It was a vanilla end to a vanilla Chase.
Jimmie Johnson did what he had to do Sunday at Homestead-Miami Speedway. He didn’t dominate, he didn’t win the race, Johnson simply stayed out of trouble and finished fifth while chaos erupted around him on several occasions.
Juan Pablo Montoya and Tony Stewart tangled with Montoya’s hopes for a final shot at an oval track win in 2009 ending in the garage. He would later return many laps down but long enough to deal out a little payback to Stewart that earned him a black flag.
Both Marcos Ambrose and Dale Earnhardt Jr. made valiant efforts only to fall victim to punctured tires and mechanical woes.
Mark Martin, meanwhile, struggled to try and at least stay within earshot should Johnson stumble. Martin was never able to make it towards the front, though, and came home 12th.
The only drama for Johnson came after pit stops on lap 121 when he restarted 23rd. Even that wasn’t enough to stop him, and as he has done many times in his career Johnson came through unscathed and smelling like a four-time champion.
In the end Denny Hamlin took control, and as the race ended there were no mysterious debris cautions, no spins or blown Hendrick engines. Just Jimmie Johnson cruising into NASCAR’s record books as its first driver to win four consecutive championships.
There were other storylines. Denny Hamlin’s win was his fourth of the year giving him a career best season. Sunday was also Michael Waltrip’s last race as a full-time driver and with his 14th place finish Greg Biffle earned his first winless season since he debuted in the Sprint Cup Series in 2003.
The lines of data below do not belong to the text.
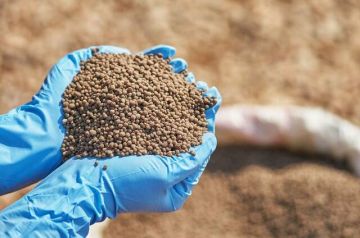 الأردن: إمدادات مصرية منتظمة تسهم في استقرار سوق الأسمدة محليا الأردن: إمدادات مصرية منتظمة تسهم في استقرار سوق الأسمدة محليا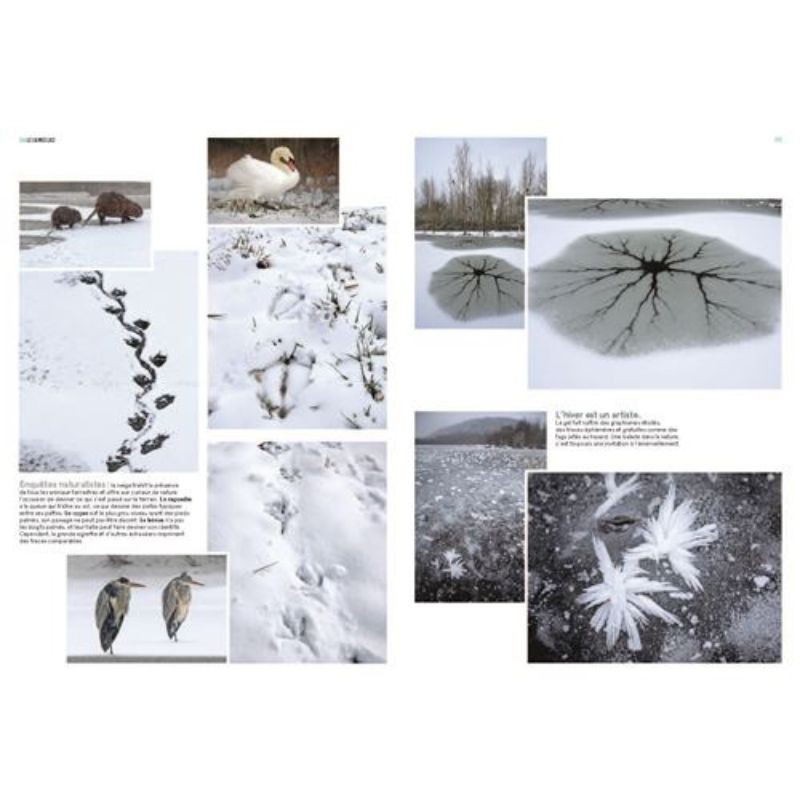 La Nature au bord de l'eau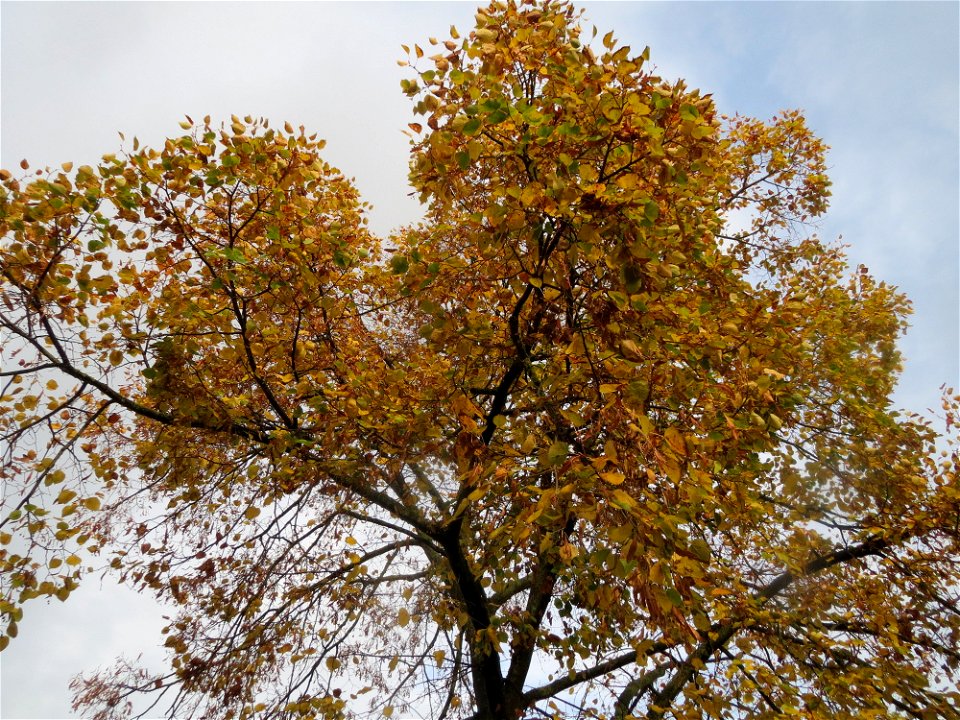 Winterlinde (Tilia cordata) in Hockenheim photo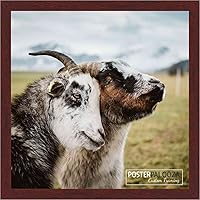 Vista 6 de Marco de madera para fotografía 28 x 40.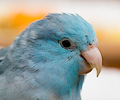 Pacific Parrotlets at the RMSA Exotic Bird Festival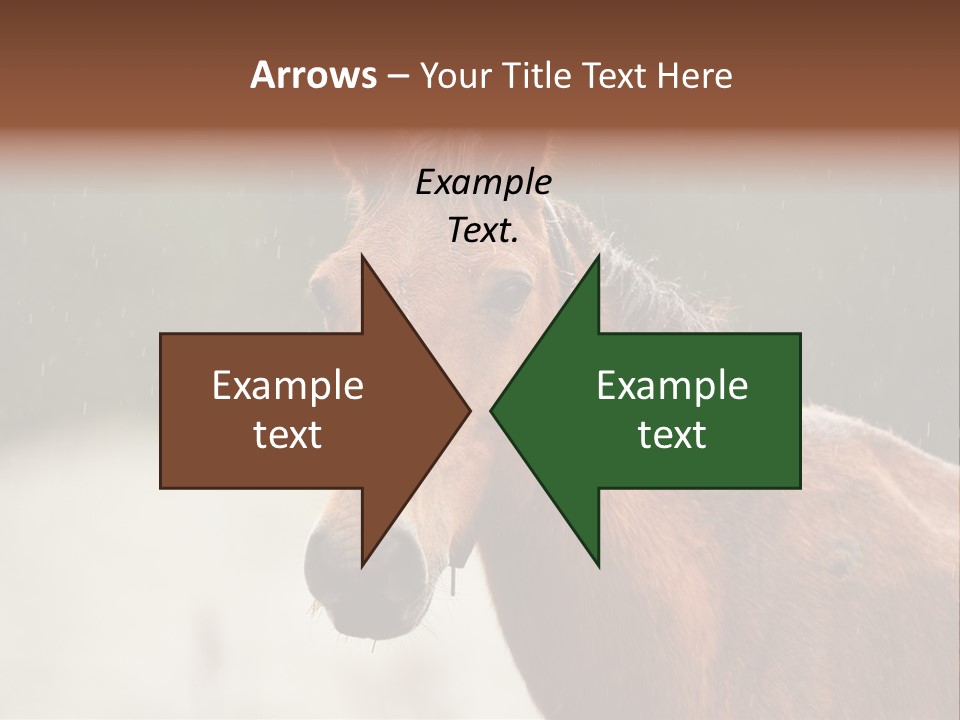 A Brown Horse Standing In The Rain Powerpoint Template PowerPoint Template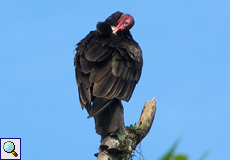 Truthahngeier (Turkey Vulture, Cathartes aura)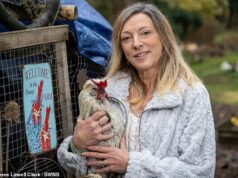 Proprietário de galo barulhento ameaçado com um ASBO enquanto o conselho toma medidas contra seu canto ‘irracional e persistente’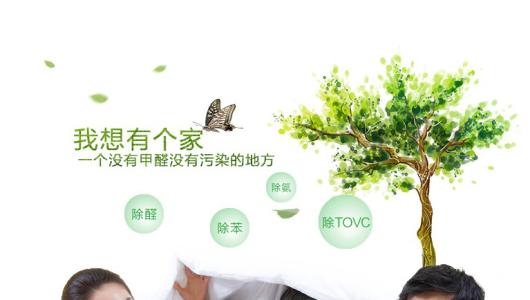 效果好、專業(yè)的光觸媒除甲醛產(chǎn)品有那些？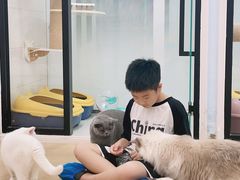 -1013 PET SHOP 宠物商店(近铁城市广场店)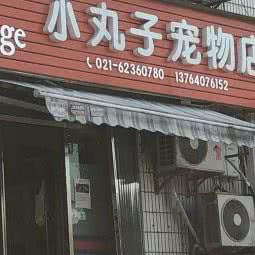 小丸子宠物店:上海城区长宁区上海影城/新华路附近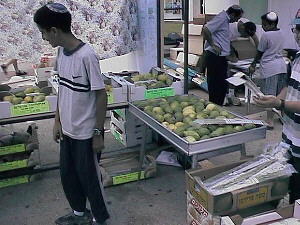 Teimani Etrog Vendor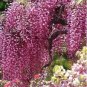 5 Seeds Wisteria Wisteria Vine Saplings Pink and Purple Flowers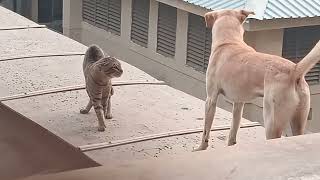 Wild Cat Vs Wild Dog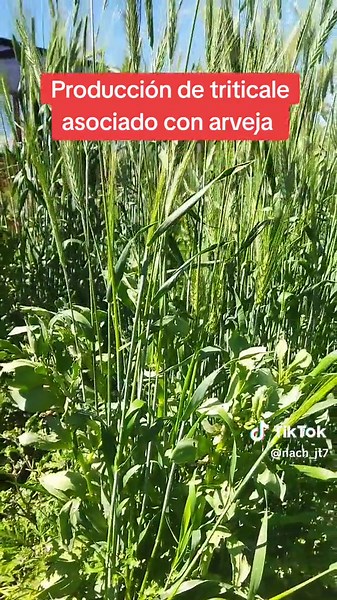 Beneficios del Triticale en la Alimentación Animal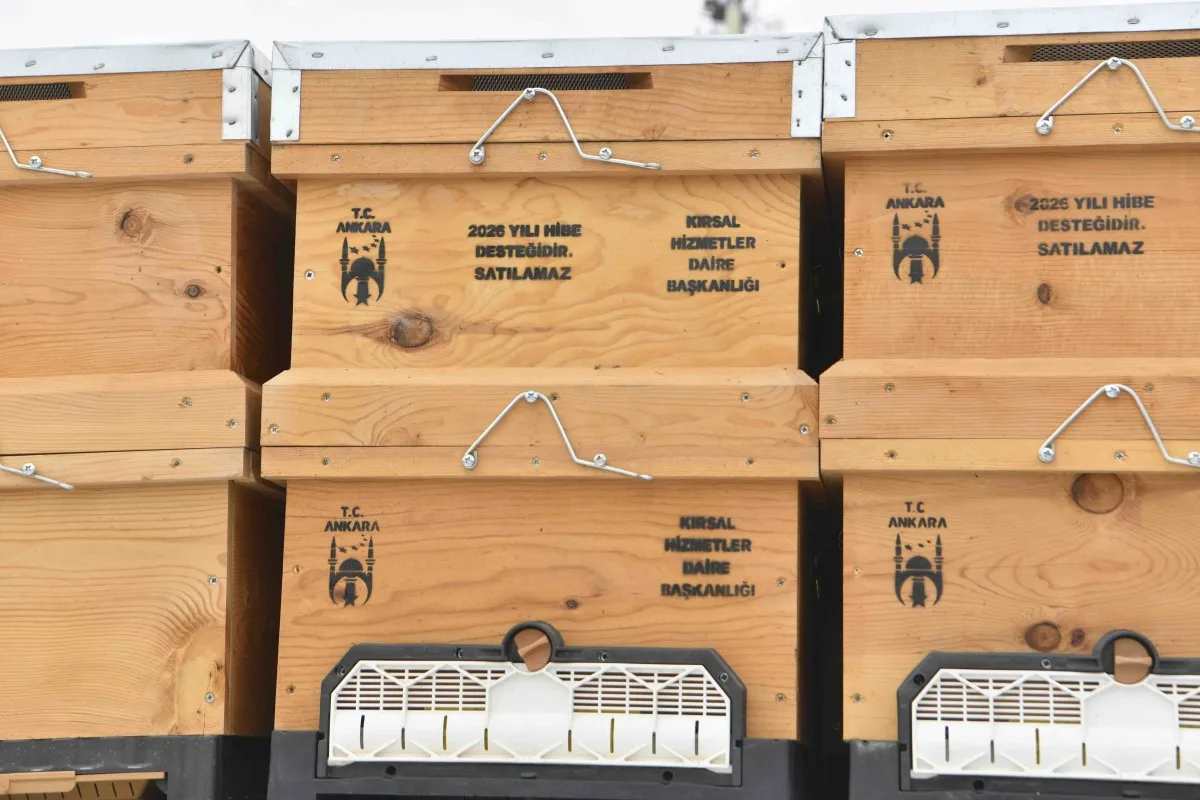 ABB'den Arıcılara Dev Destek: 5 Bin Kovan Hibe Edilecek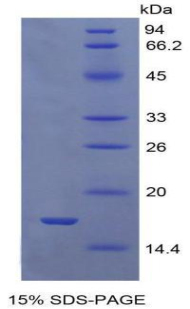 RPA427Hu01.jpg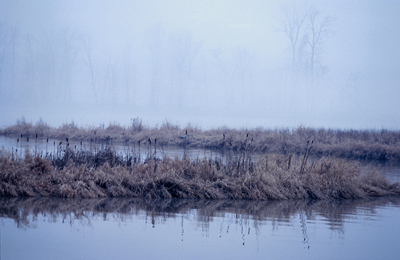 Bear Creek Watershed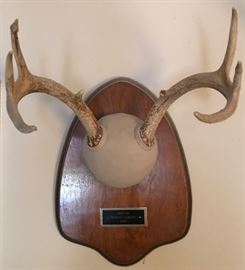 Mounted Deer Horns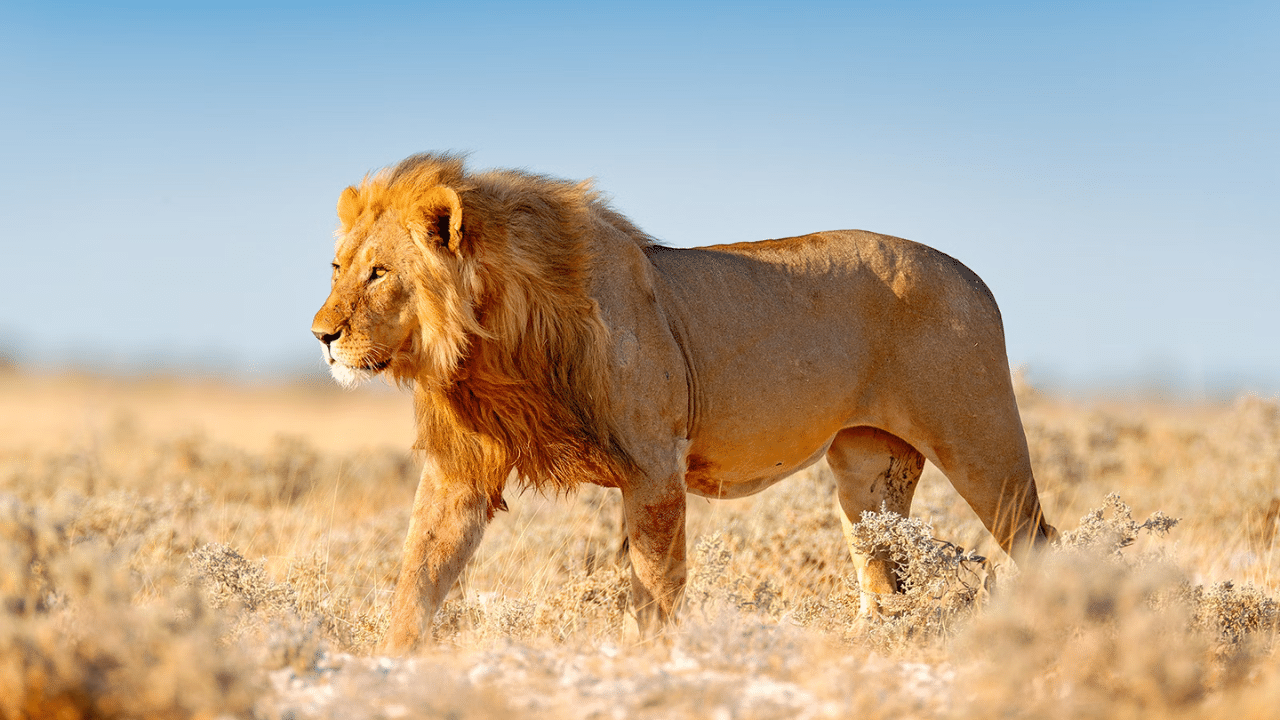 Safari World Bangkok Tickets
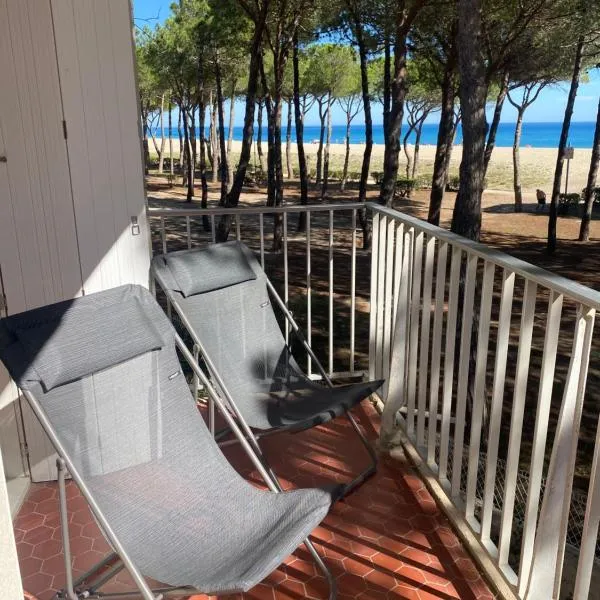 Superbe T2 grand balcon vue mer, hotel in Argelès-sur-Mer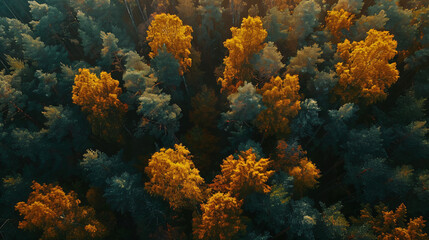 Yellow and green autumn trees in a forest at sunset. 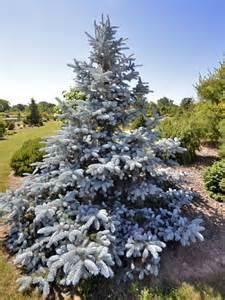 00 COLORADO Picea pungens 'Bakeri' 0' FULL Low to moderate Picea pungens FULL 7-8' 15' 0' Very slow growing variety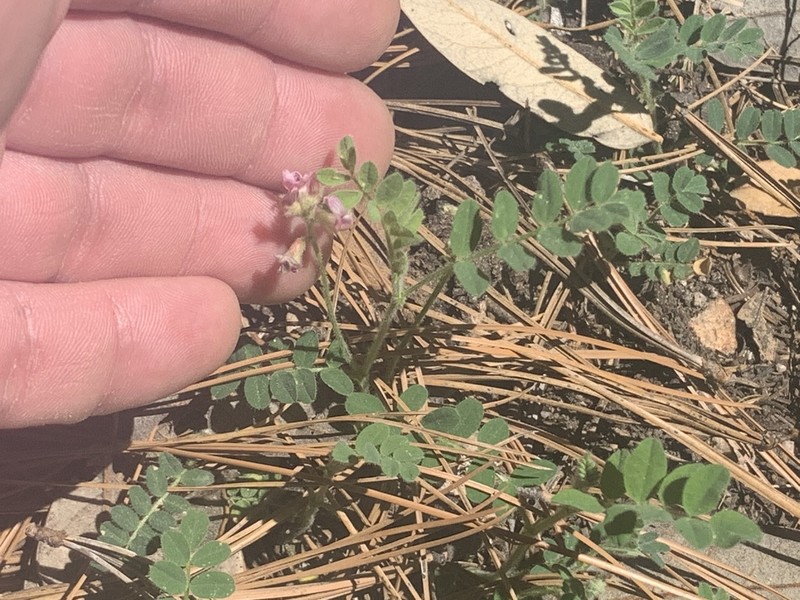 Copper Mine Milkvetch photo 5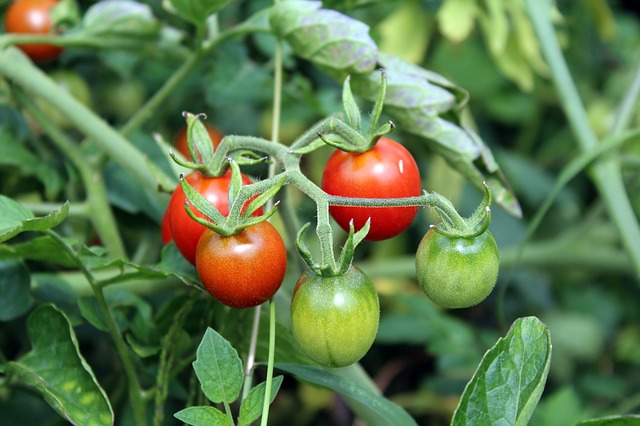 cherry tomatoes work well in a community garden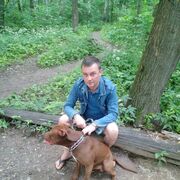 ���������� ���������, ���� ������� ���������, 47 ���, ������������ ��� ������, ����� � ���������, c�������� ���������, ���������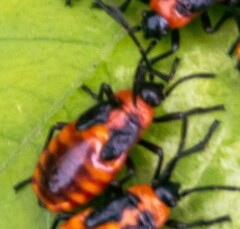 Tropidothorax leucopterus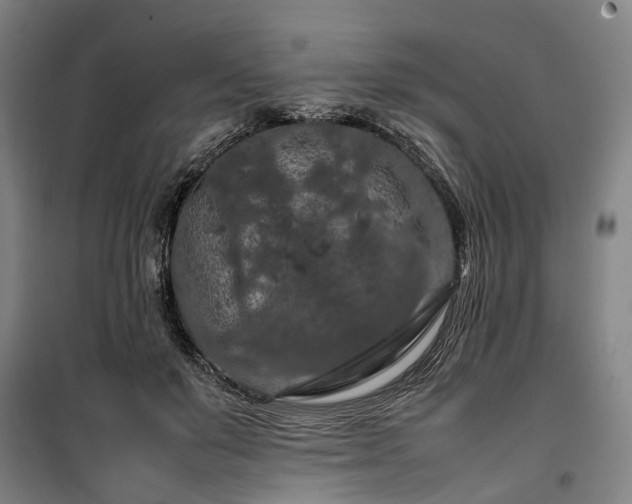 X0000100340503200806121154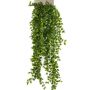 Ficus pumila artificial BASQUIAT en vara de ajuste, 80cm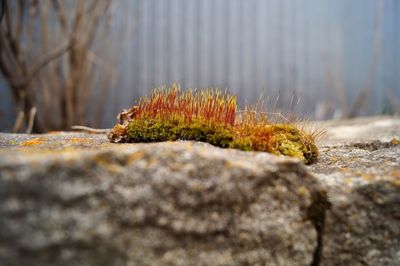 Close-up of mushroom growing on rock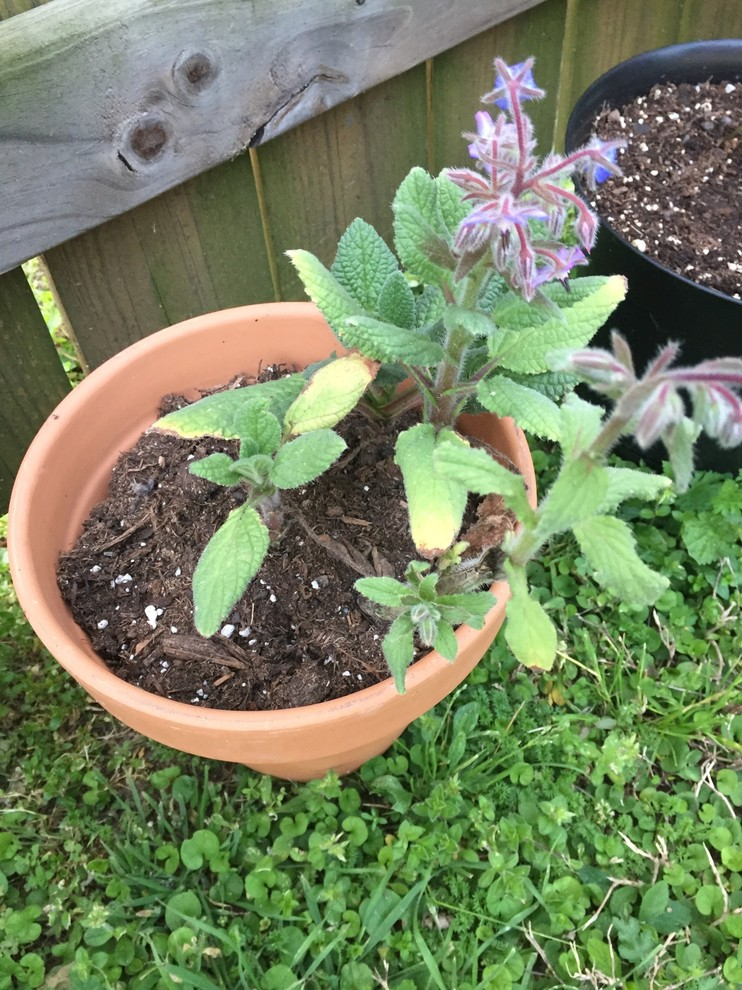 Borage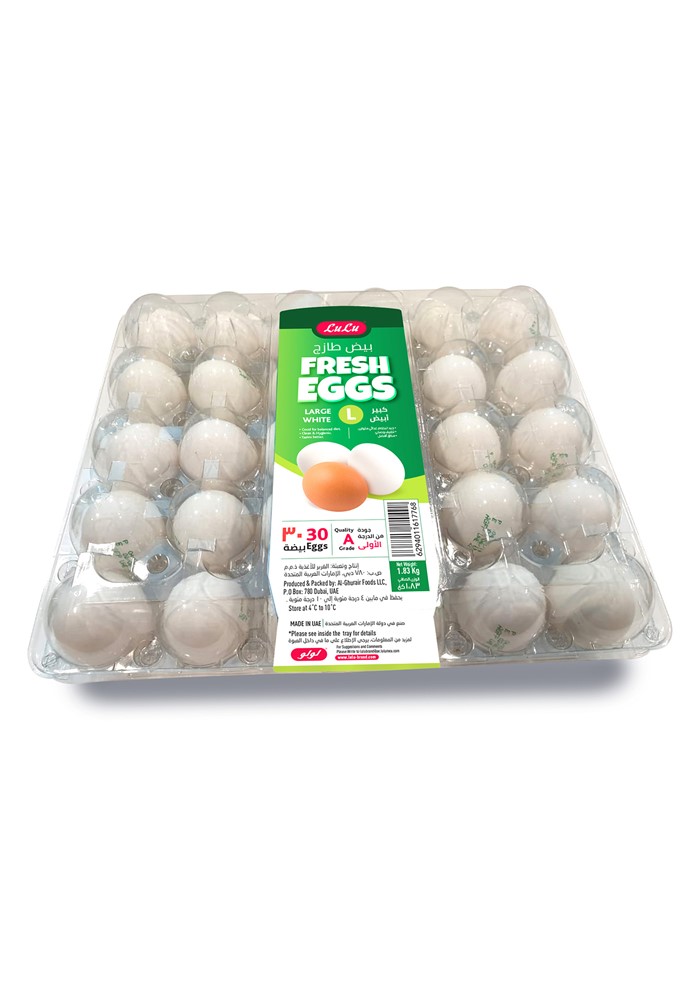White Fresh Eggs Large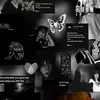 Iris Schneider - @iris.schneider050 - TikTok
The 2009 NASCAR Sprint Cup Series champion overshadowed all those stories, which kind of sums up this year’s edition of the Chase. Johnson won seven times this year, four of those in the final 10 races. In other words, other than a little hiccup at Texas, Johnson and his Hendrick Motorsports crew dominated the final 10-run stretch.
Even before Homestead Sunday, people were crying foul. The Chase is boring, a snooze fest, nothing really exciting to see.
Welcome to the world of professional sports.
Some playoff games are over by the end of the first half, some teams get swept in a series, and others have a score so lopsided the opponents have no chance. Other years, though, the game comes down to a field goal with one tick left on the clock, a last second basket at the buzzer, a series that isn’t over until the final out of the last inning of the seventh game.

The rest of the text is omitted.